Unlike PHP, Java Servlet and JSP do not have build-in mechanisms for handling form-based file uploads. One solution to this problem is to implement a function yourself to extract uploaded files contained in an HTTP request. However, a better choice is to make use of a third-party library that can help us handle file uploads.
One robust library available is the Apache Jakarta Commons FileUpload package. It is open-source and can be downloaded free of charge over the Internet. We will demonstrate how to use the Apache Jakarta Commons FileUpload package to extract uploaded files submitted from a form. The techniques are the same for HTML and XHTML. If you are not familiar with JSP or Java Servlet, you may want to read some introductory tutorials before going through this section.
At the time of writing, the most up-to-date version of the Apache Jakarta Commons FileUpload library is 1.1.1. So, we assume you are using Commons FileUpload 1.1.1 in this tutorial. For other versions of Commons FileUpload, the procedures may be slightly different but the principle is the same.
To download the Apache Jakarta Commons FileUpload library, go to the home page of the Apache Jakarta Commons FileUpload project and navigate to the download section. The binaries are available in two file formats: zip format and tar-gzip format. Download either one of them and uncompress the file. Then go to the home page of the Apache Jakarta Commons IO project and repeat the same steps. We need the Commons IO library since Commons FileUpload uses it internally. Now you have two JAR files, "commons-fileupload-version.jar" and "commons-io-version.jar", where version is the version number. At the time of writing, the latest version of the Commons FileUpload library and that of the Commons IO library are 1.1.1 and 1.2 respectively. So, the JAR files we obtain are "commons-fileupload-1.1.1.jar" and "commons-io-1.2.jar".

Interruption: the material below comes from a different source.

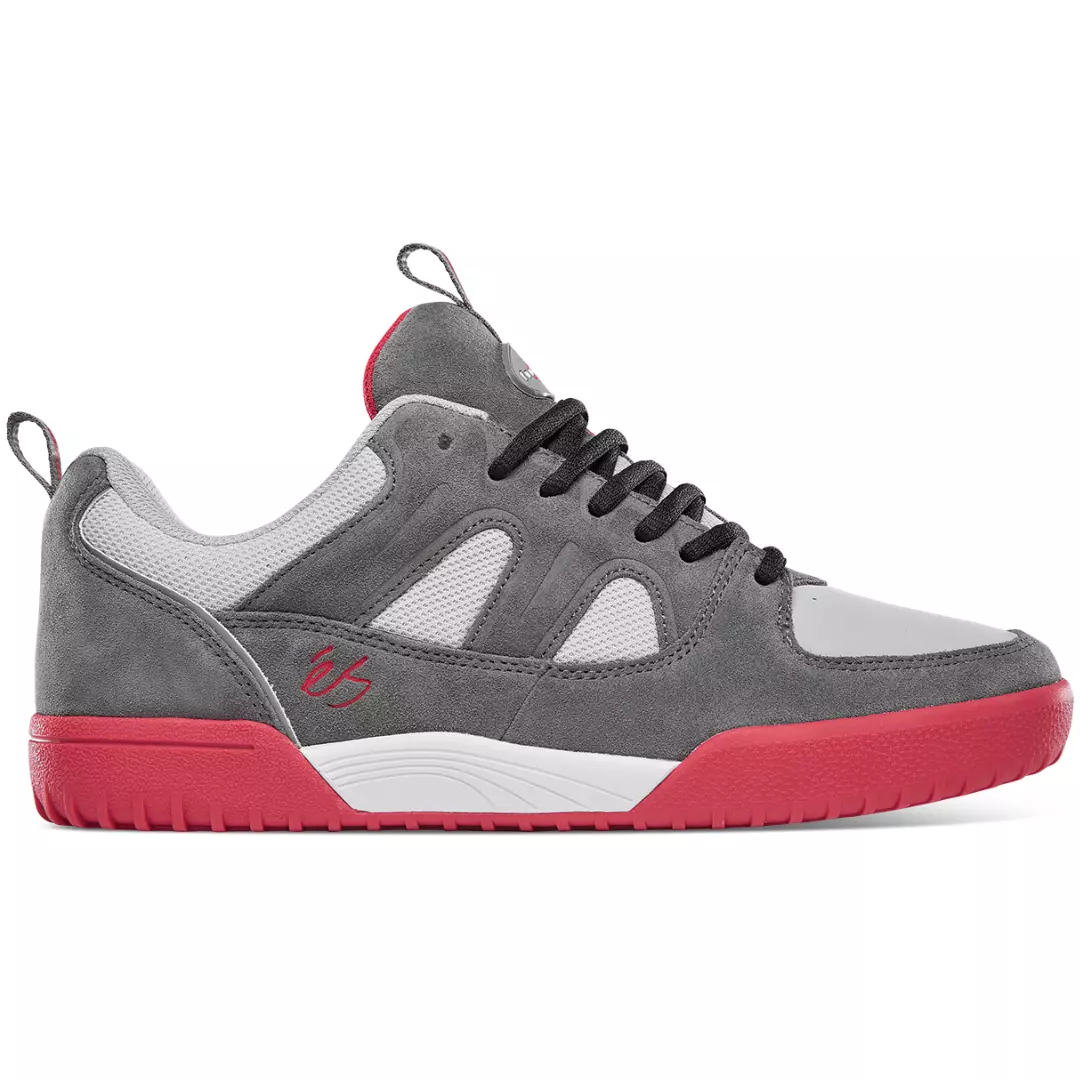 Size 9.0 eS Skateboarding Silo SC Grey Red Skate Shoes eBay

Next, we need to install the Apache Jakarta Commons FileUpload library and the Apache Jakarta Commons IO library into a Servlet/JSP container such as Apache Tomcat. To do this, copy the JAR files "commons-fileupload-1.1.1.jar" and "commons-io-1.2.jar" to the /WEB-INF/lib/ directory in the document root of your web application.
Note that JAR libraries stored in /WEB-INF/lib/ will be available to the containing web application only. If you want to share the libraries among all web applications installed in Tomcat (suppose you are using Tomcat 5 or Tomcat 4), the JAR files should be copied to the $CATALINA_HOME/shared/lib/ directory, where $CATALINA_HOME is the root of your Tomcat installation.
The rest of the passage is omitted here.